Maltraitance sur animaux, un procès inédit
Poursuivie pour abandon et actes de maltraitance sur animaux, la propriétaire d’une quarantaine d’équidés a comparu hier à Nice devant le tribunal qui rendra sa décision le 5 décembre
En juillet 2018, à la suite d’une plainte de l’association Les Sabots du Paradis, les services de police, saisis de l’enquête, se rendent à Saint-Roman-de-Bellet, à l’Élevage des anges où ils font une découverte déconcertante. Sur ce terrain en restanques de 2 hectares, sont concentrés quarante-deux chevaux amaigris, côtes apparentes, infestés de parasites, sans abris contre les intempéries et les prédateurs. Leur nourriture repose à même le sol, en contact avec une couche d’excréments datant de plusieurs mois.
« Ce sont mes enfants »
Une partie des équidés saisis sont placés en famille d’accueil via des associations de défense des animaux. D’autres sont à ce jour introuvables.

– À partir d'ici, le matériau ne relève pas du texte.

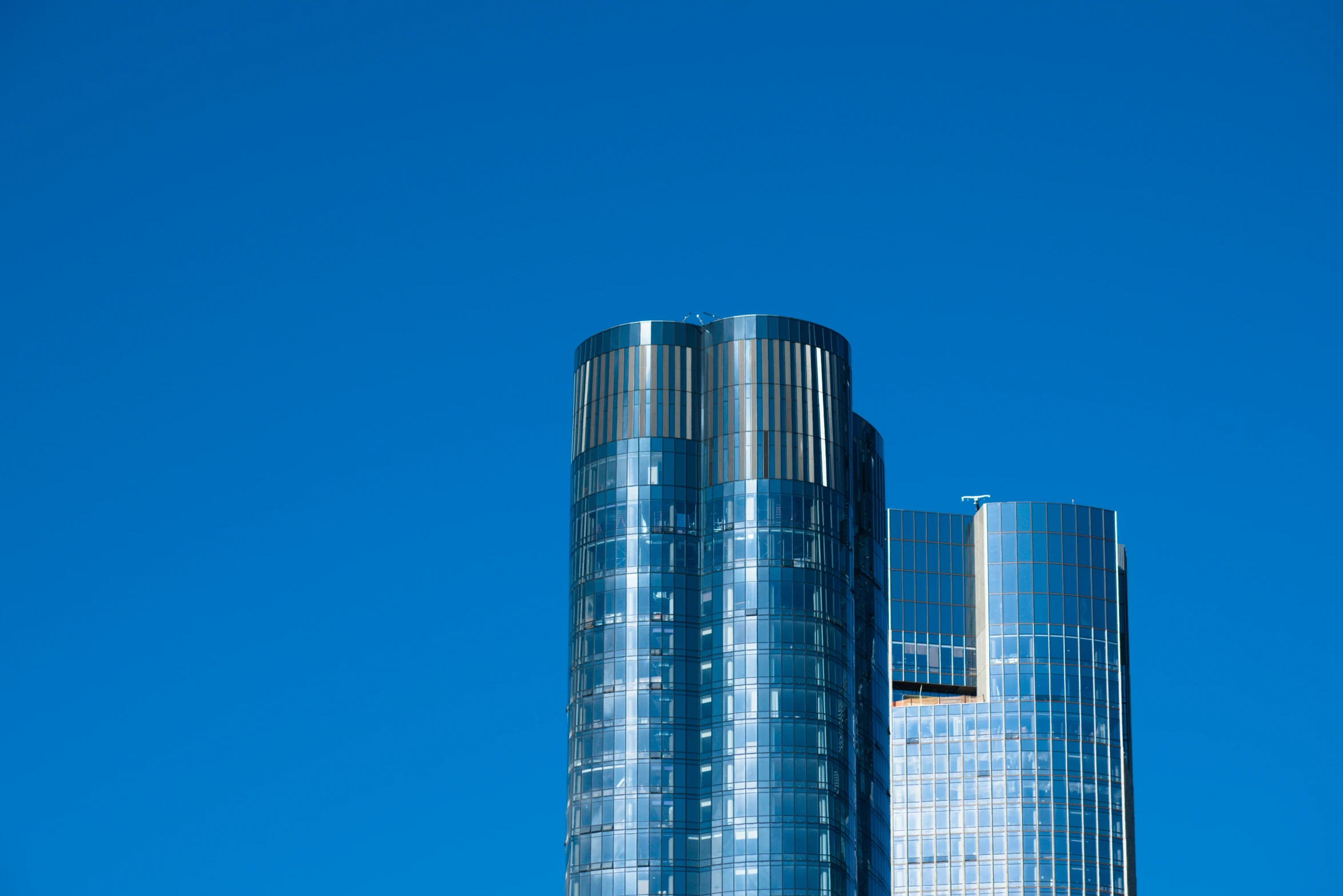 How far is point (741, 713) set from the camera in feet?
652

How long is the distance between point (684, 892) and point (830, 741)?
1836 centimetres

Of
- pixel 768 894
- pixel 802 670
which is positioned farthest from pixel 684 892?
pixel 802 670

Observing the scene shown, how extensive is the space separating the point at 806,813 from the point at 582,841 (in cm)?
1976

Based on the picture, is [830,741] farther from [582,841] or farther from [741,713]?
[582,841]

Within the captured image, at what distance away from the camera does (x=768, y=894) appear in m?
194

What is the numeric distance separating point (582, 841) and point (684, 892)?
1010 centimetres

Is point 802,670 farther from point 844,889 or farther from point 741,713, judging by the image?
point 844,889

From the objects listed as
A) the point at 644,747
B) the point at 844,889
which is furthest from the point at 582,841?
the point at 844,889

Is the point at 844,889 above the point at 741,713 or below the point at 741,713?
below

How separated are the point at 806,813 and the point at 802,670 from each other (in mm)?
12588

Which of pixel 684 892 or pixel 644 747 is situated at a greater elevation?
pixel 644 747

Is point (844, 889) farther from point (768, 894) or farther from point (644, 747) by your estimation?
point (644, 747)

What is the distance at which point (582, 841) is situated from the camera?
198875mm

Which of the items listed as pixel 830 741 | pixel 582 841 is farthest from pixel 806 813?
pixel 582 841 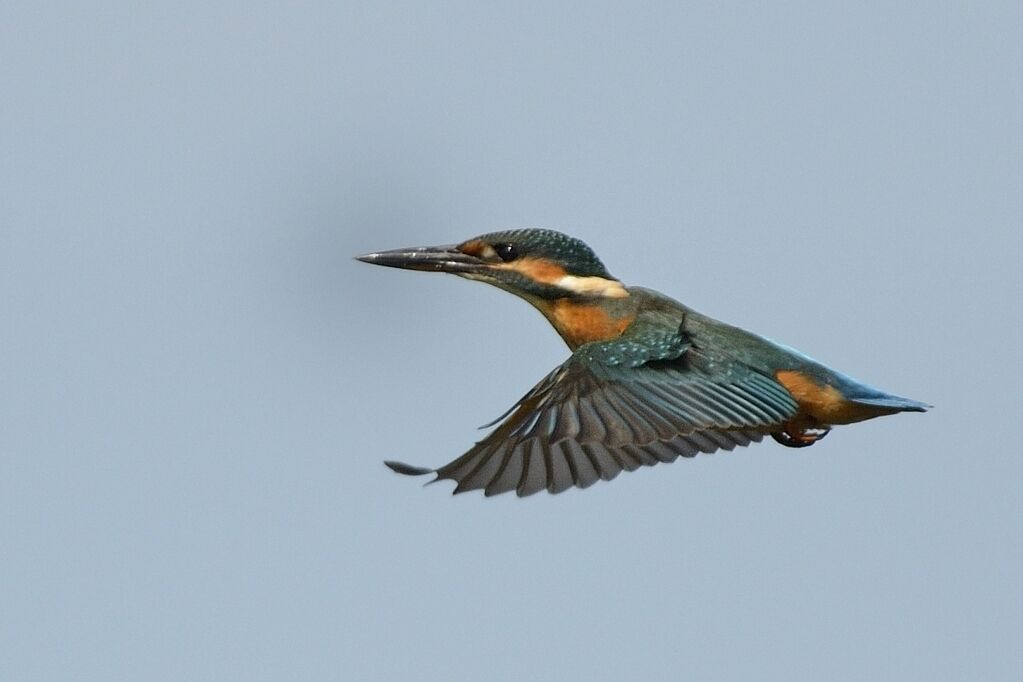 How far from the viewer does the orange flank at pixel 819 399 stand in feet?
15.2

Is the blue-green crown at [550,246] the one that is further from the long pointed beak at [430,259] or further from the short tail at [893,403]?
the short tail at [893,403]

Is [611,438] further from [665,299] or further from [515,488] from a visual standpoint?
[665,299]

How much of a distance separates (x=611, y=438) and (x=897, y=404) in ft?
3.39

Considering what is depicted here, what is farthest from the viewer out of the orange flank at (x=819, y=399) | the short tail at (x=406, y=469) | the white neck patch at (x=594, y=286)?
the white neck patch at (x=594, y=286)

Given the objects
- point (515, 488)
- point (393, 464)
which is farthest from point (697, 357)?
point (393, 464)

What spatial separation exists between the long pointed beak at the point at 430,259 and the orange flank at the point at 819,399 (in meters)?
1.06

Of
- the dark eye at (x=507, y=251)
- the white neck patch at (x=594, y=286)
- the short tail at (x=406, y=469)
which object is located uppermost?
the dark eye at (x=507, y=251)

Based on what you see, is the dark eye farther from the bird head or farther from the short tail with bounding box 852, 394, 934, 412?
the short tail with bounding box 852, 394, 934, 412

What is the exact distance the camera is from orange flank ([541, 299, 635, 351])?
4.77 metres

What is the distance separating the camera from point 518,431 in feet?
13.3

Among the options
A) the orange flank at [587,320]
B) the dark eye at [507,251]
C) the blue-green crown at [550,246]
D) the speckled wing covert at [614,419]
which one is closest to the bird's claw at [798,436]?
the speckled wing covert at [614,419]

Les cheveux noués en chignon, toute de noir vêtue, Florentine, 41 ans, explique : « J’ai été emportée par ma passion. Je me suis laissée déborder, j’ai eu du mal à vendre certains poulains et chevaux et à contrôler les naissances. »
Parce que les juments et les entiers (mâles non castrés) étaient mélangés, le cheptel n’a cessé de grossir. Il accueillait aussi des équidés en fin de vie, pour leur éviter l’équarrissage.
La prévenue concède « des erreurs », mais réfute tout acte de maltraitance et abandon : « Je les aime, ce sont mes enfants, les chevaux c’est tout pour moi. Ils avaient tout ce dont ils avaient besoin. Je donnais du foin à volonté. Je ne sais pas pourquoi ils ont maigri. Ils étaient malades mais je les traitais. »
Syndrome de Noé
L’expert psychiatre a détecté chez l’éleveuse « des troubles psychiques ayant altéré son discernement » et « un état dépressif manifeste ». « Il indique que vous avez inconsciemment reconstitué avec vos chevaux votre propre histoire familiale », ajoute la présidente, faisant référence à son abandon, à l’âge de 3 mois, par ses parents biologiques.
« Vous n’êtes pas dans en état psychologique de posséder des animaux. En avez-vous conscience ? », interroge Me Franck Koubi, avocat de l’Association pour la protection des animaux, partie civile, qui suggère que la prévenue souffrirait du syndrome de Noé, « qui consiste, de la part d’une personne en manque affectif, à accumuler des animaux pour se voir dans leurs yeux et considérer qu’elle est importante pour eux. »
« On nous dit qu’elle n’a pas toutes ses facultés. Elle en a eu suffisamment pour faire disparaître treize chevaux, les éloigner, les troquer. Elle est incapable de nous dire aujourd’hui combien lui appartiennent et de produire des documents », s’agace Me Julie Valkenaere conseil des Sabots du Paradis et Rien que pour eux. Pour le parquet, il y a bien eu abandon, délit caractérisé par des négligences graves qui mettent la vie des animaux en danger, et mauvais traitement par absence de prise en charge suffisante. « Quarante animaux ont souffert. D’autres sont morts. Elle ne pouvait ignorer leur situation de détresse », rappelle le procureur avant de suggérer quatre mois de prison avec sursis, l’interdiction définitive de posséder des chevaux et d’exercer, pendant cinq ans, une activité professionnelle en relation avec les animaux.
En défense Mes David-André Darmon et Sylvia Stalteri plaident «le surmenage, l’épuisement physique » d’une personnalité introvertie « qui ne présente pas de danger pour la société » avant de demander la relaxe.
Le tribunal rendra sa décision jeudi 5 décembre.